Worried and angry, Sharon put Jennifer’s bond on her credit card, and she was released. The matter ended as Jennifer’s high school escapade had when the boy said the pot was his, and the charges against Jennifer were dropped. When the mother and daughter finally talked, it didn’t go well. Sharon was livid and told Jennifer as much. “Why do you keep picking up these strays?” she asked. “Why do you hang out with people who aren’t good for you?”
Jennifer didn’t have an answer.
Despite the boy’s confession, the damage for Jennifer had been done. Her counselor informed her that she’d be allowed to finish the semester at Southwest, but having the pot in her room had broken a campus rule, and she wouldn’t be allowed to return for the spring semester.
Sharon was upset, yet Jennifer didn’t appear to be. “She never really wanted to be there in the first place,” says Lauren. “She never felt like she fit in.”
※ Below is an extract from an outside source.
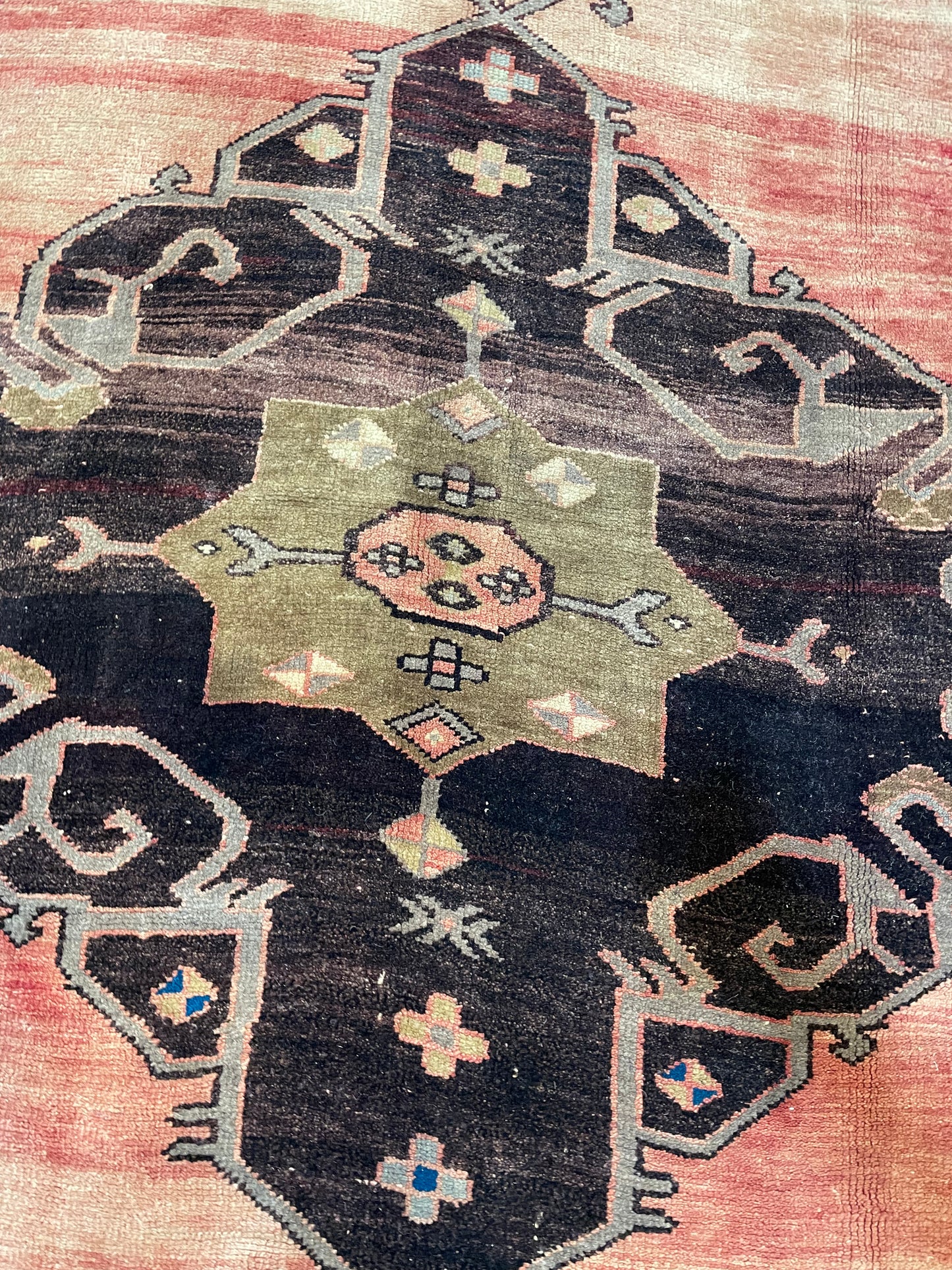 Hand-Knotted Wool Gallery Size Turkish Oushak 6'2" x 12'1"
That December 2002, Jennifer packed her belongings for yet another move. She had a boyfriend, Mark, tall and blond, a good kid from a nice family, one Sharon thought well of. He was leaving Southwest and moving to Austin to continue his education at the University of Texas. Jennifer wanted to move to Austin to be near him, to get her own apartment, find a job, and attend Austin Community College.
Jim and Sharon were both in favor of the move, hopeful that Jennifer just needed time to maneuver through her problems and consider her future.
By then, Sharon had moved in with Jim and blended households, so they donated their excess furniture to Jen. Charlie loaded it into a trailer and hooked it up to his welding truck, then drove to San Marcos in January 2003. They packed Jennifer’s few college possessions, mainly clothing, and with Jennifer in the lead in her rundown car, they caravanned on I–35 to Austin.
“Jennifer, slow down,” Charlie said on his cell phone that day, as Jennifer wove in and out of traffic. The welding truck and trailer couldn’t change lanes as easily as her little Dodge Intrepid. “You’ll lose me, and I’ll get lost.”
“Just follow me,” Jennifer said, with a laugh. “I’ll get you there.”
Despite all Jennifer put the family through, Charlie couldn’t help but be proud. Sure, Jennifer had her ups and downs, but his little Fuffa had grown into a beautiful woman. On the outside, she looked confident and excited about her future, even if inside a shy little girl from Bishop worried about being alone in a bustling metropolitan area with a population of more than a million. The same girl who’d once resisted moving from Bishop to Corpus Christi now looked like she was ready to take on the world.
“It was just impossible not to love her,” Charlie says. “Jennifer had a smile that could melt a heart.”
After Charlie left, Sharon arrived to help Jennifer decorate her small apartment off Riverside Drive. It was just around the corner from Austin Community College, where Jen enrolled in classes for the spring semester. Jennifer was approaching nineteen years old and brimming with excitement. For the first time in her life, perhaps, she was in love. Mark, the young man she’d followed from San Marcos, lived nearby, and he’d already brought Jennifer home to meet his mother, who found her to be “a really lovely young girl.”
As Sharon drove out of Austin a couple of days later, the Texas state capitol’s graceful dome and the austere UT clock tower stood out in the postcard-blue sky from the city’s forest of hotels and office buildings. Thick-leaved live oaks bordered downtown sidewalks in front of office buildings and old storefronts, some dating back more than a century. Any misgivings Sharon had as she settled Jennifer into her new home weren’t enough to give her pause. “I thought Jennifer would find herself in Austin,” Sharon says. “I hoped it was a good place for her. I wanted so much to see her grow into the woman I knew she had the potential to become.”
There was, of course, much that Sharon couldn’t yet know. She didn’t understand the powerful lure of Austin’s wild side, its vibrant nightlife with its deeply entrenched drug scene, and she hadn’t yet heard the name of the young man who would fall in love with Jennifer and ensnare her in his dangerous, delusional world: Colton Pitonyak.